Vikings' Metrodome roof collapses for the fifth time

The Vikings-Giants game was postponed to Monday night and moved to Detroit Ford Field after the Metrodome roof collapsed for the fifth time since opening in 1982.

Ann Heisenfelt/AP
View from outside the Metrodome in Minneapolis after the roof tore open and the dome collapsed early Sunday Dec. 12.

That’s right, the 28-year old Metrodome stadium, home of the Vikings and Twins, has seen its roof collapse five times.

The first collapse of the Teflon and fiberglass fabric dome roof at the Metrodome occurred in November 1981, after 10 inches of heavy snow fell.

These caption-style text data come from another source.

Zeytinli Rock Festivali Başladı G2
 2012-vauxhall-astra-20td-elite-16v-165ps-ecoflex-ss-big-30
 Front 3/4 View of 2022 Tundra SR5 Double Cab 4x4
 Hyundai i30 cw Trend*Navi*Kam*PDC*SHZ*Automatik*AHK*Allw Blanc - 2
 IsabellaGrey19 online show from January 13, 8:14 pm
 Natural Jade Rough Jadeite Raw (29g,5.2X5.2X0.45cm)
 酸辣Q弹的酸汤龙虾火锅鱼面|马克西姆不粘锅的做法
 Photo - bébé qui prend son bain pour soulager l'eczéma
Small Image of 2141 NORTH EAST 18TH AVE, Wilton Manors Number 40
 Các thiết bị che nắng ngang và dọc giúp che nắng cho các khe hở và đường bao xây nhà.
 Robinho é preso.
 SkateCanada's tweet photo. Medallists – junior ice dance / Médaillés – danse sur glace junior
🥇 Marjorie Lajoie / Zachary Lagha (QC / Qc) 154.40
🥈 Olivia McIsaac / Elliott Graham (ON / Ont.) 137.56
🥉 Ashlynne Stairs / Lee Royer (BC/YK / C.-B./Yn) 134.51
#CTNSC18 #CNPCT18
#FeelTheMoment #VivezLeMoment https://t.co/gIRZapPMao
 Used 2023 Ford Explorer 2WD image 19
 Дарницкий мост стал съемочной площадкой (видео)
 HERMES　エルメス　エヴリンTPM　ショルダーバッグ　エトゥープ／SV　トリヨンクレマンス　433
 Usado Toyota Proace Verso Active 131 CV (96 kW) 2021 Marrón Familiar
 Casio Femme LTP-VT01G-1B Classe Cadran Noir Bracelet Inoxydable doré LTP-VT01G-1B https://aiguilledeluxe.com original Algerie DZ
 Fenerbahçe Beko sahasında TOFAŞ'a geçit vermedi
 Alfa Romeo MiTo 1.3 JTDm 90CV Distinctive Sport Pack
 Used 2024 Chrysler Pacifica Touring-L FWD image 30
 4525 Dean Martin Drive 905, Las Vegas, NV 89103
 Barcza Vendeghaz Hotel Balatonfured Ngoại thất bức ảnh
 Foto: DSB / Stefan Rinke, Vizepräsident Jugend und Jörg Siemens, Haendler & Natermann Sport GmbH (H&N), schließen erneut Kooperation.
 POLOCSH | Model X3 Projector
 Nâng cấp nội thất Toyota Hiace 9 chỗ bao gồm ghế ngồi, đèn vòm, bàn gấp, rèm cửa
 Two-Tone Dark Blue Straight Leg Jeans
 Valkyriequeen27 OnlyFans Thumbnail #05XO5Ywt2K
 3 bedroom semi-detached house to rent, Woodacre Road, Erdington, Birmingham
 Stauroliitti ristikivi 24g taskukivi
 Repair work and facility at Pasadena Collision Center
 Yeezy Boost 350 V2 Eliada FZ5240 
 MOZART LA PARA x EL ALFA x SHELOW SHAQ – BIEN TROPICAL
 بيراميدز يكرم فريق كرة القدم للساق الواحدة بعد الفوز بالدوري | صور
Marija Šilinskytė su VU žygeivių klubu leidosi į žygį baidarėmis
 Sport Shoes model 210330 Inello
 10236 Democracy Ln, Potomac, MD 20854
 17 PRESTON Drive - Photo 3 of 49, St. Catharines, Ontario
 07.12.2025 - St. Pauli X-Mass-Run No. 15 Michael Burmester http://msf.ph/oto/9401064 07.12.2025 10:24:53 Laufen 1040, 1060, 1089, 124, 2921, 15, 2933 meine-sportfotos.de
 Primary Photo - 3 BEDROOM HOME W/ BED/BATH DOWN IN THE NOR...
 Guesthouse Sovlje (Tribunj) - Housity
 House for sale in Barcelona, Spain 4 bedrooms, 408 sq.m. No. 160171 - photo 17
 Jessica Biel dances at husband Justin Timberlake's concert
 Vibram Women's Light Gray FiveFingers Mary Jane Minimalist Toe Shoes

That was before the new stadium offictally opened in April of 1982.

The next collapse of the 340-ton bubble came just a year later in December 1982, a few days before the last football game of the 1982 season.

Following the third collapse in April 1983 postponing another baseball game.

The fourth collapse was partial and only caused a delayed game.

What does it sound like when the dome collapses? Apparently like the sky is actually falling. The roofs rips and the air blasts out of the opening while the dome falls toward the stands. Apparently, if you time your visits right, you get to watch the Vikings or Twins and take a thrill ride for the same ticket price!

This time, the stadium was empty and no one was injured. But the collapse was captured on video.

So how do they prevent the Metrodome roof from collapsing under the snow load? When snowfall is heavy and falling fast, crews take to the roof to push the snow off. Sounds like a sensible approach and five times in 28 years?

Maybe not such a bad record, but how do you feel about domed stadiums?